All new Registrations are manually reviewed and approved, so a short delay after registration may occur before your account becomes active.
Nginx & PHP-FPM with Simple Wordpress Sites - Crashes Server
I use Minstall to do setup a basic webserver to run three very basic Wordpress sites. The VPS ia a 1gb server, so should be more than enough for the job.
The issue I am finding is that, according to the monitors I have set up with uptimerobot, the websites suffer from downtime once or twice a day, reporting a Bad Gateway error. The downtime seems to last a few minutes then recovers.
In addition to this, I have found that the server itself is restarting once or twice a day (I have a monitor for each website, and a ping monitor for the server IP). I can only assume that my nginx / php-fpm configuration is causing the restarts. Can anyone help me pin point the issue and fix it?
Comments
1 GB Ram is not too much.
The big problem with Wordpress is mySQL load. You should check mySQL load more closely and pay attention for all the crapy plugins you add. 1 plugin could double MySQL load/nginx.
Nginx could do miracles over ram footprint but php is PHP, it will execute thru FPM and use always MySQL.
So you check more server load live with ram use.
M B
Install quickcache on your wordpress install.
Mun
Supercache better but before he should identify the bottle neck.
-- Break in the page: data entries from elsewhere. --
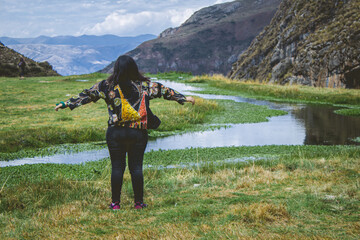 Turista disfrutando el aire de laguna en Ayacucho mirando el horizonte en frente y un río a su lado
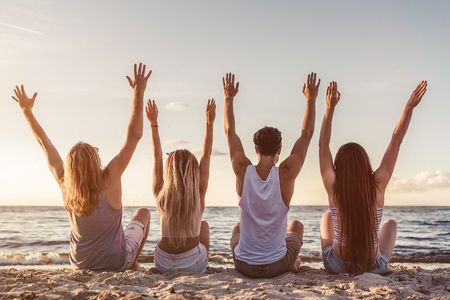 Back view of group of young attractive friends are sitting on beach with raised hands up.の写真素材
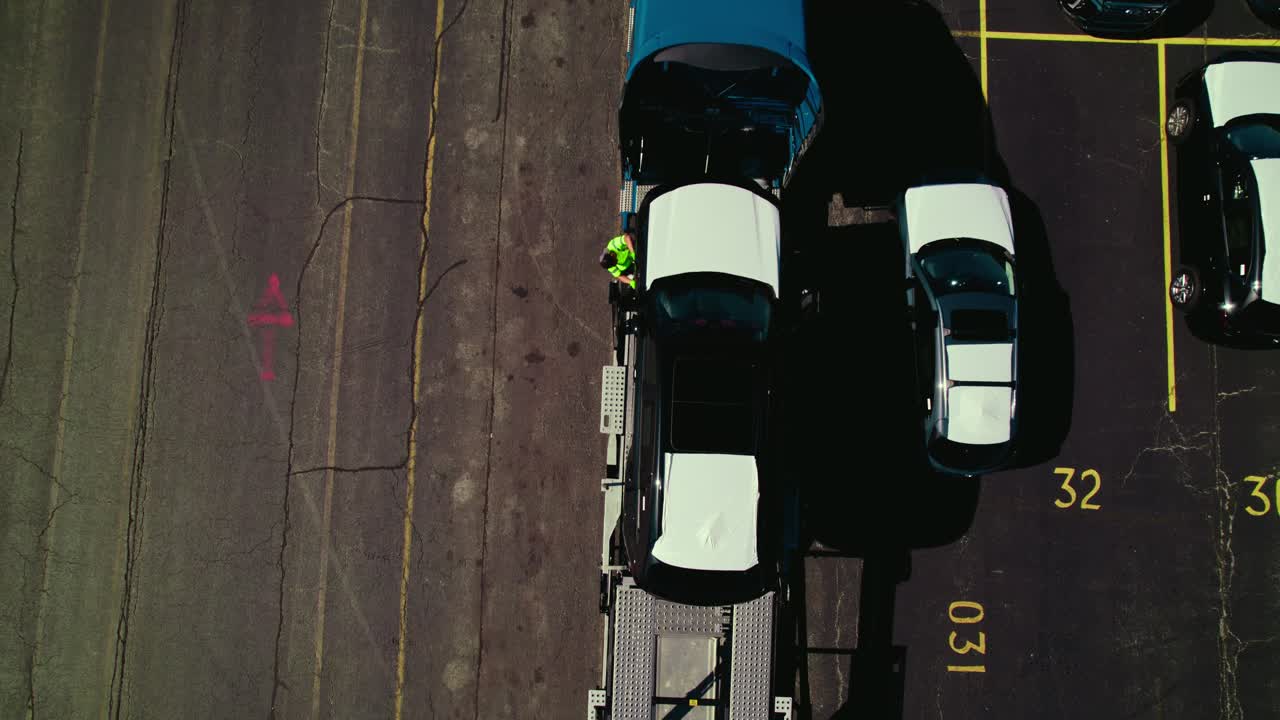 Aerial top view over a car carrier trailer, car hauler truck, loading cars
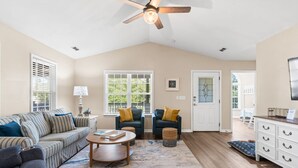 A spacious living room with a high ceiling, a ceiling fan, a sofa, a coffee table, a TV, and a door leading to another room. - Experience Oak Island at Stitch by the Sea, a cozy 3-bedroom retreat for 10. (Oak Island)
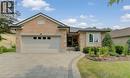 Brick facade residence featuring an attached garage with panel detailing, a paver driveway, and a curved paver walkway leading to the entrance - 249 Dearborn Boulevard, Waterloo, ON  - Outdoor 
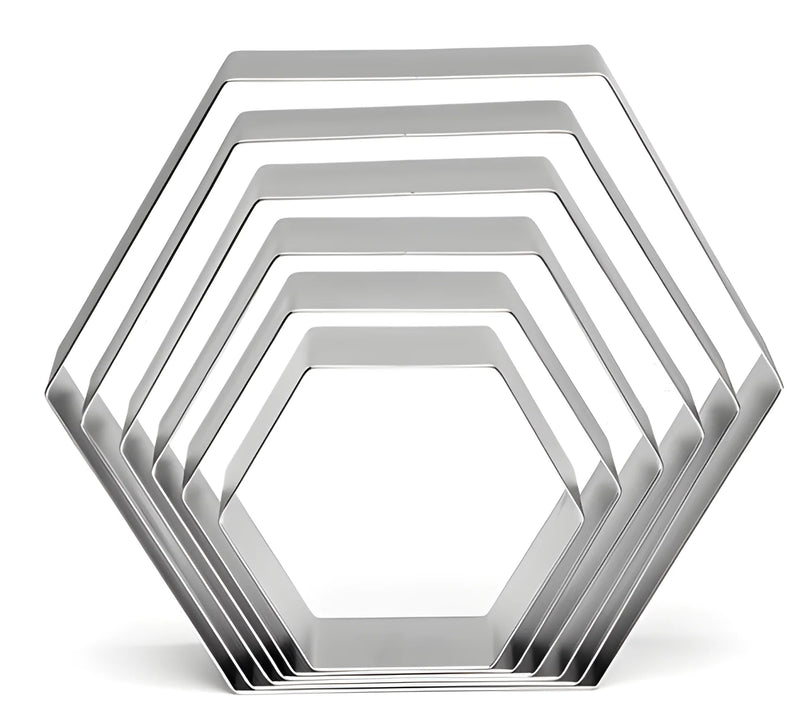 Set di sei esagoni in acciaio inox da 3,5 a 9 cm. alti 2 cm.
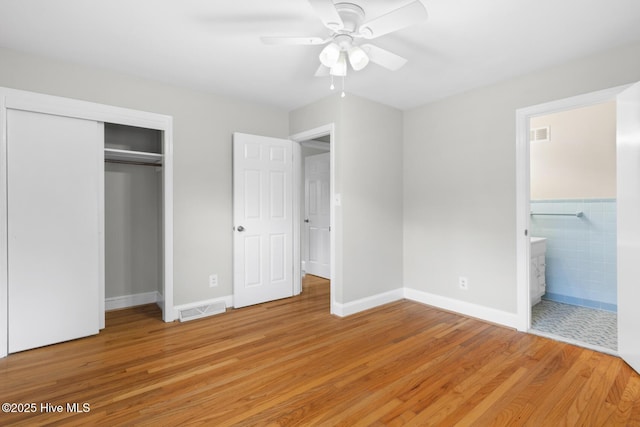 unfurnished bedroom with visible vents, light wood-type flooring, a closet, and ensuite bathroom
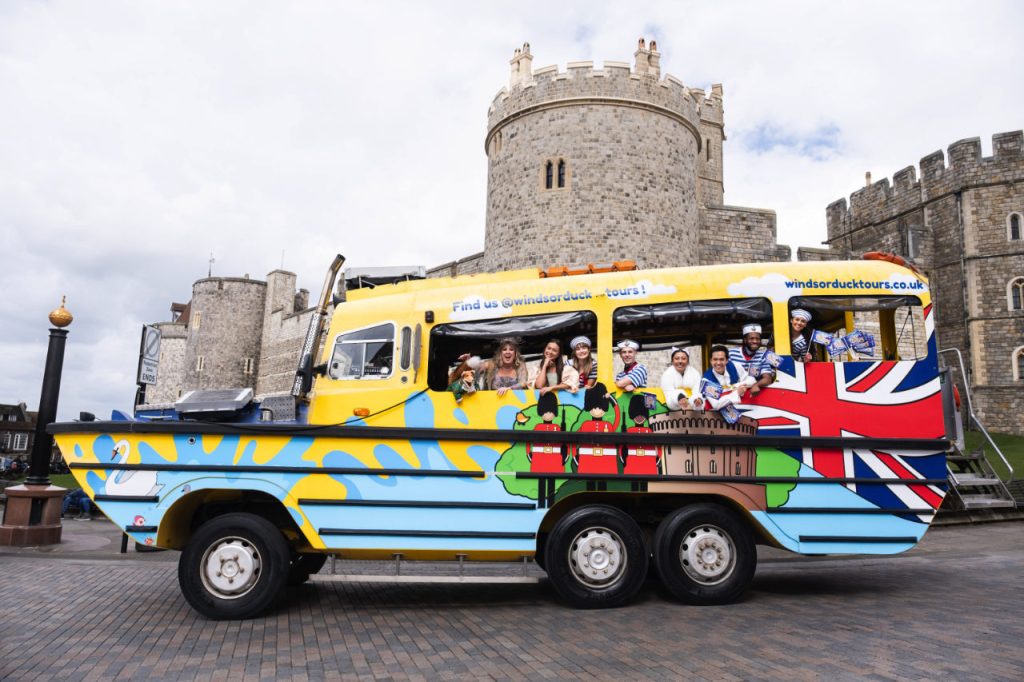 The cast of Dick Whittington, the 2024-25 pantomime at Theatre Royal Windsor on a duck boat with Windsor Castle in the background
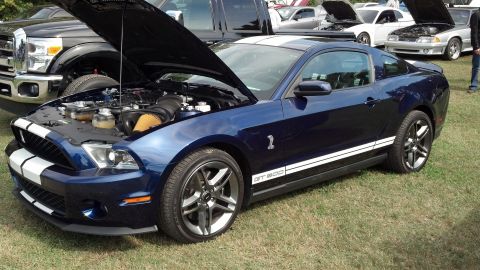 2007 Ford Mustang - A blue 2007 Ford Mustang GT500 is displayed with its hood open, revealing the engine, while other vehicles are parked nearby.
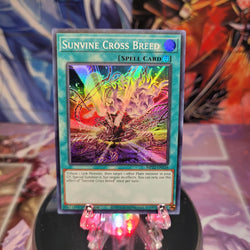 A Super Rare "Sunvine Cross Breed" card from the Yugioh 2022 Tin of the Pharaoh's Gods Set.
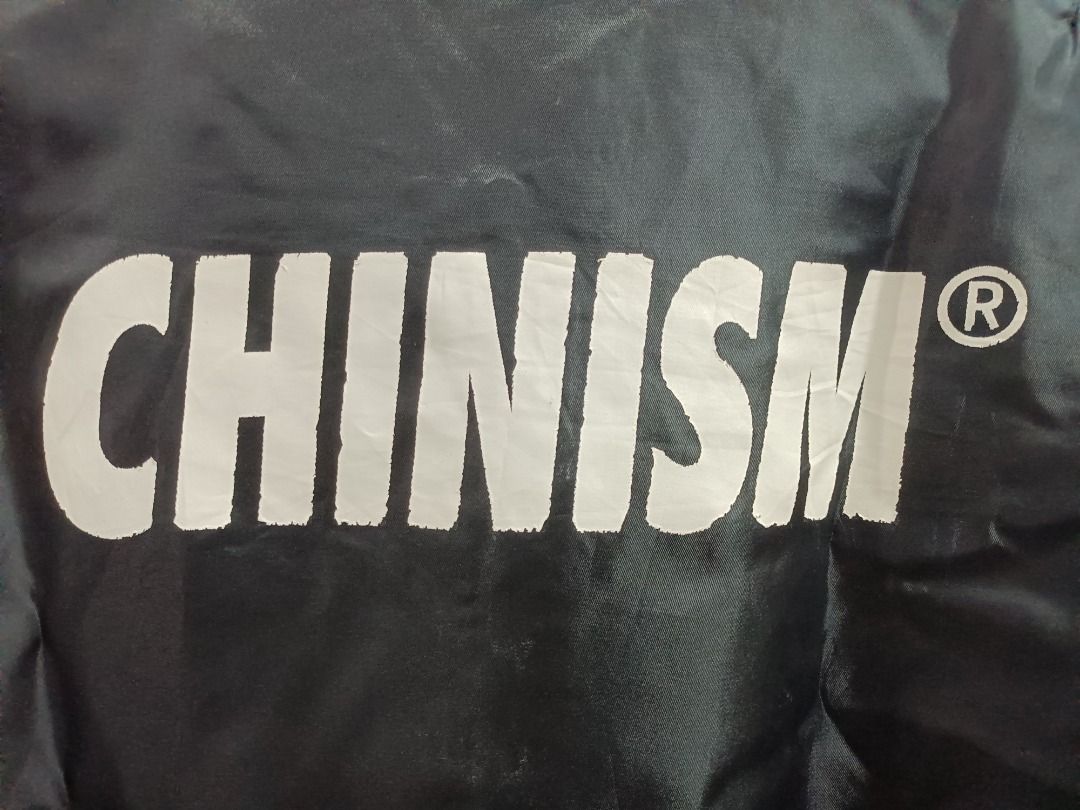 CHINISM BOMBER JACKET (Category: Coats, Jackets and Outerwear) located in Calamba. Submitted by rootsph (Listing ID 1462986860, Image 3). Description: Details: Fits 2XL to 3XL Dimes: 26W x 27.5L Color: Black Condition: Very good, print at the back has slight chipping, complete tags Please manage your expectation, item being sold is preloved and not brand new unless stated otherwise. Major and minor issues will be declared. Signs of usage and pres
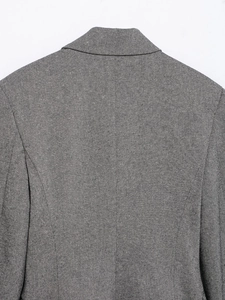 Detail view of the gray herringbone blazer back showing collar and shoulder stitching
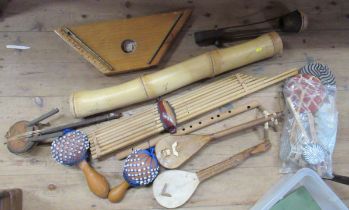 A collection of continental instruments, to include a zither, drums, pipes ect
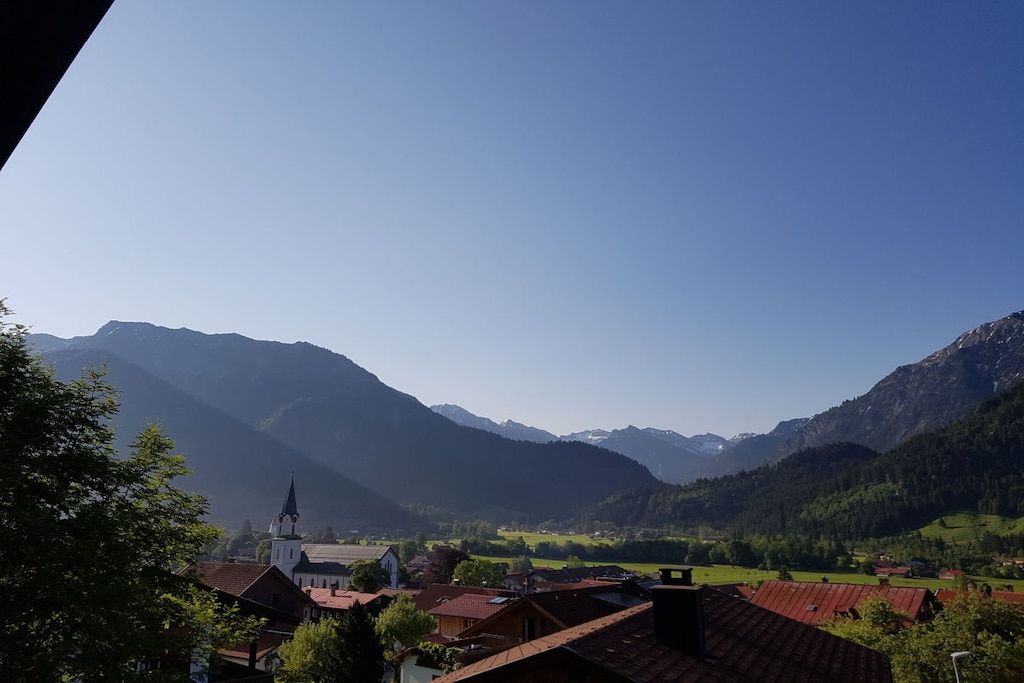 Un village de montagne aux bâtiments traditionnels, avec une église et une vallée parsemée de champs.
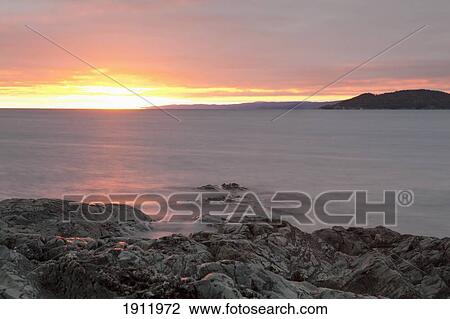 rocky shoreline of lake superior at sunset; wawa, ontario, canada View Large Photo Image Stock Image - rocky shoreline of lake superior at sunset; wawa, ontario, canada. Fotosearch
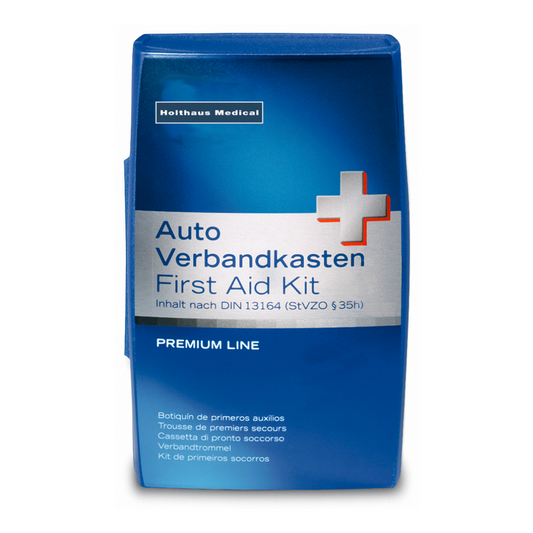 Blauer medizinischer Verbandskasten mit weißem Kreuz und mehrsprachiger Aufschrift „Holthaus Premium Verbandskasten“, entsprechend der Norm DIN 13 164.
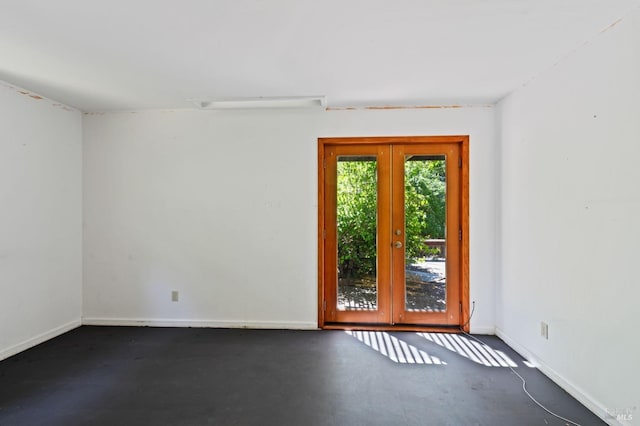 unfurnished room with concrete flooring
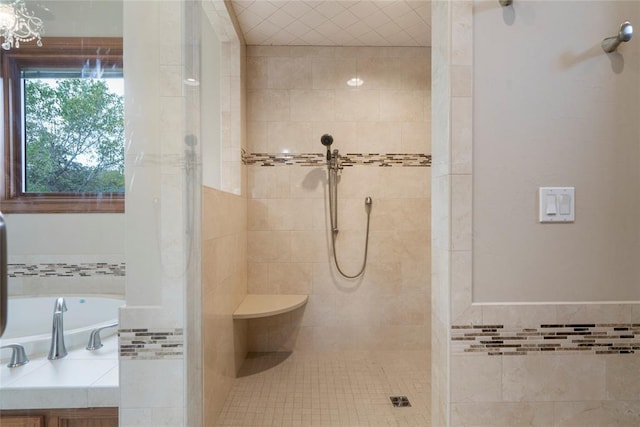 bathroom featuring a tile shower, sink, and tile walls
It's not a ram issue. PHP-FPM uses a request queue. Something's causing requests to outstrip FPM's ability to process the queue. Nginx will shove a request into the queue, wait and then timeout if it doesn't hear back for that request. That gives the Bad Gateway error. I suggest turning on your FPM status page and just watch how it behaves during the day.
https://rtcamp.com/tutorials/php/fpm-status-page/
Note the requests, and requests duration metrics. If some pages have deep processing, you could always try adding more fpm child processes so that you stand a better chance of not having all pipes stuck in a long duration workflow. Although without any more CPU or whatever resource limitation you're currently running up against, it's not going to cure everything.
Good advice there from @tchen !
Thanks for that, but now I am having issues getting the status page to load. I've added the code to the right section of the files but am still getting the 502 on the status page.
Post the relevant lines from (a) your www.conf php-fpm pool config, and (b) the nginx virtual host where you're trying to access the php-fpm status page.
Double check that your listen and fastcgi_pass are compatible (i.e. socket vs file)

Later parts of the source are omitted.